De wereld wordt steeds minder arm. Extreme armoede neemt al af sinds de negentiende eeuw. Anderhalve eeuw geleden leefden bijna acht op de tien mensen in grote armoede. Zij moesten, gemeten met de maatstaf van vandaag, rondkomen van minder dan 2 dollar 15 per dag. In 1981 waren nog vijf op de tien mensen extreem arm. En vandaag zijn dat er minder dan een op de tien.
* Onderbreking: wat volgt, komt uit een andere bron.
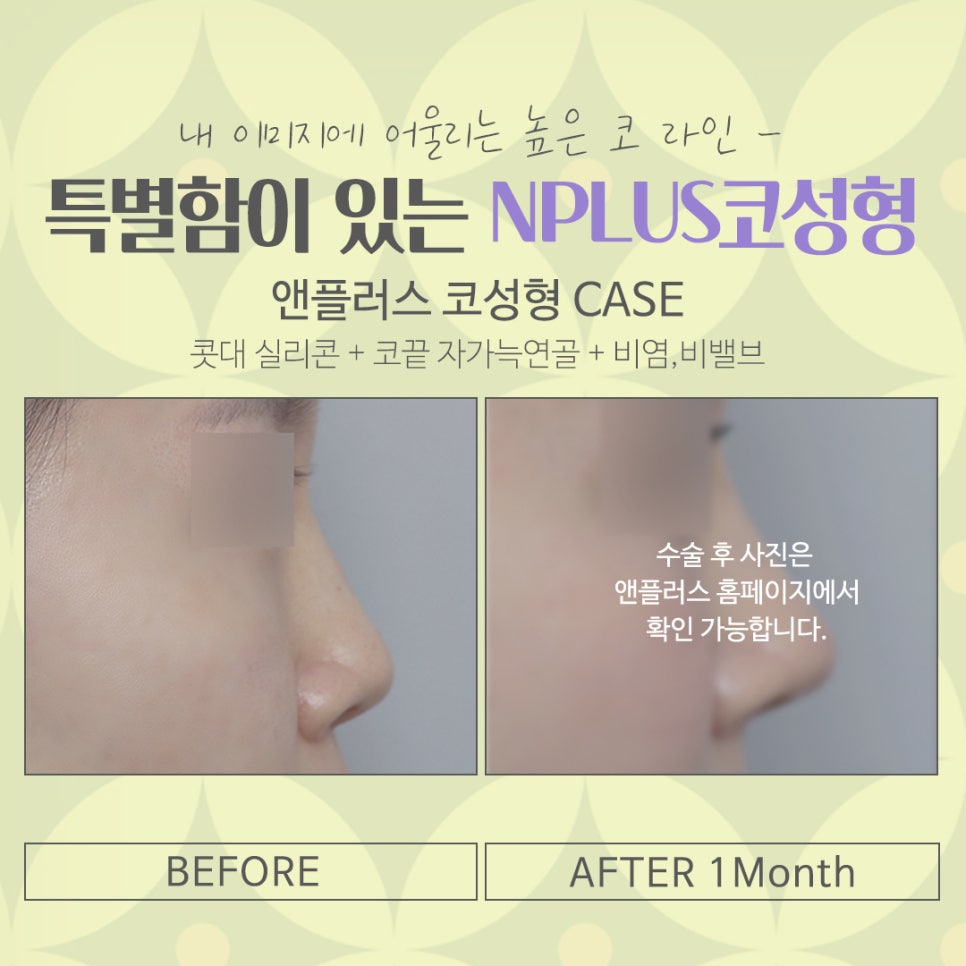 압구정코수술에 대해 찾아보고 관련 이미지 14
De afgelopen 75 jaar nam de wereldwijde armoede spectaculair af. In 1949, toen de Nederlandse overheid begon met ontwikkelingssamenwerking, was nog 70 procent van de wereld extreem arm, nu is dat minder dan 10 procent. Het is echter een illusie te denken dat ontwikkelingssamenwerking in haar eentje de armoede kan oplossen. Armoede hangt samen met slecht bestuur, met oorlogen en met conflicten, met een ongunstig klimaat en met droogte en overstromingen.
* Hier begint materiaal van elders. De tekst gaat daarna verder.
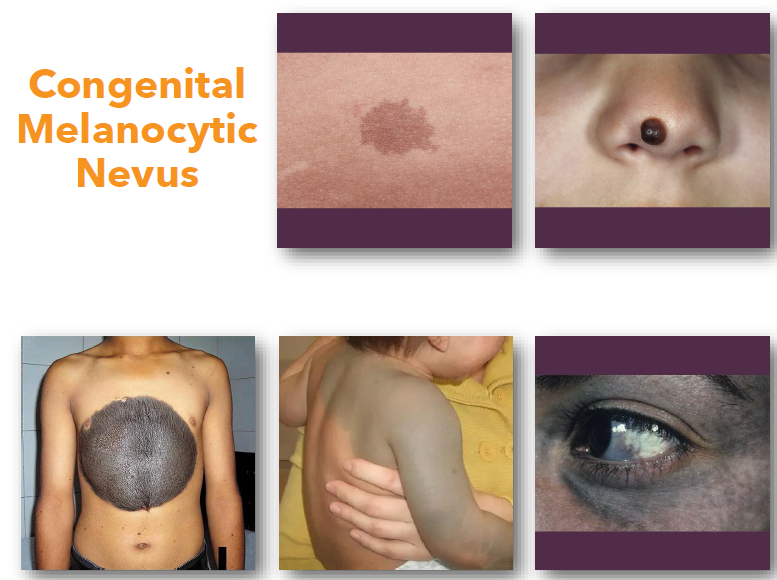 <p>melanocytic nevi </p>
We geven minder dan we denken. In 2022 gaf de Nederlandse overheid 6,2 miljard euro uit aan ontwikkelingssamenwerking. Dat is ongeveer 0,67 procent van ons bruto nationaal inkomen (bni). Dat is iets minder dan de norm van 0,7 procent die rijke landen met elkaar afspraken. Een flink deel van dat bedrag kwam ons land echter niet uit. Zo wordt het eerste jaar van de opvang en onderwijs voor asielzoekers uit dit budget betaald. In 2024 gaat dat om ruim 1,3 miljard euro. Dat maakt van Nederland een grote ontvanger van eigen ontwikkelingsgeld. Zo’n 3,2 miljard euro werd in 2022 daadwerkelijk besteed aan de ontwikkeling van lage- en middeninkomenslanden – iets minder dan 0,4 procent van ons bni en 0,9 procent van onze Rijksuitgaven. Oftewel: van elke euro die Nederland uitgeeft, gaat iets minder dan 1 cent naar ontwikkelingssamenwerking.
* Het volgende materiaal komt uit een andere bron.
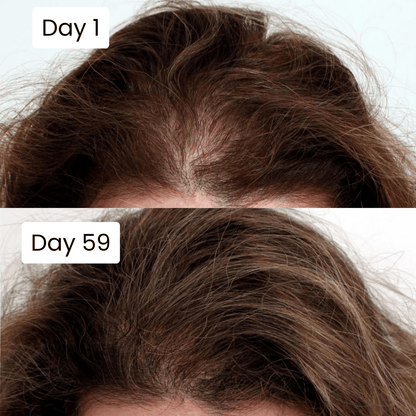 Best Scalp Hair Growth Serum With Free Home Delivery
De Nederlandse overheid geeft hulp aan ongeveer vijftig landen. We geven niet alleen geld aan landen, maar ook aan multilaterale organisaties zoals de Wereldbank en humanitaire organisaties van de Verenigde Naties en de Europese Unie. In 2021 ging ongeveer een kwart naar voedsel, schoon water en klimaat. Ongeveer een kwart ging naar gezondheid, vrouwenrechten, onerwijs en maatschappelijke organisaties. Nog een kwart ging naar vrede en veiligheid.
In Azië maakte de introductie van nieuwe zaden en irrigatietechnieken een einde aan terugkerende hongersnoden. In zuidelijk Afrika steeg het aantal kinderen dat de basisschool afmaakt in twintig jaar van 55 naar 71 procent. Ontwikkelingssamenwerking was een belangrijke financier van deze vooruitgang.
Miljoenen Nederlanders zetten zich in voor ontwikkelingssamenwerking. Ze geven geld of goederen aan humanitaire of noodhulporganisaties, ze gaan als collectant langs de deuren of ze doen vrijwilligerswerk. Oxfam Novib, Cordaid en Artsen zonder Grenzen hebben met z’n drieën al meer dan een miljoen donateurs. Een onderzoek van Goede Doelen Nederland telde de achterban van 58 van de circa 365 Nederlandse ontwikkelingsorganisaties. Samen hadden zij 2,8 miljoen leden en donateurs, bijna 10.000 vrijwilligers en ruim 11.000 collectanten.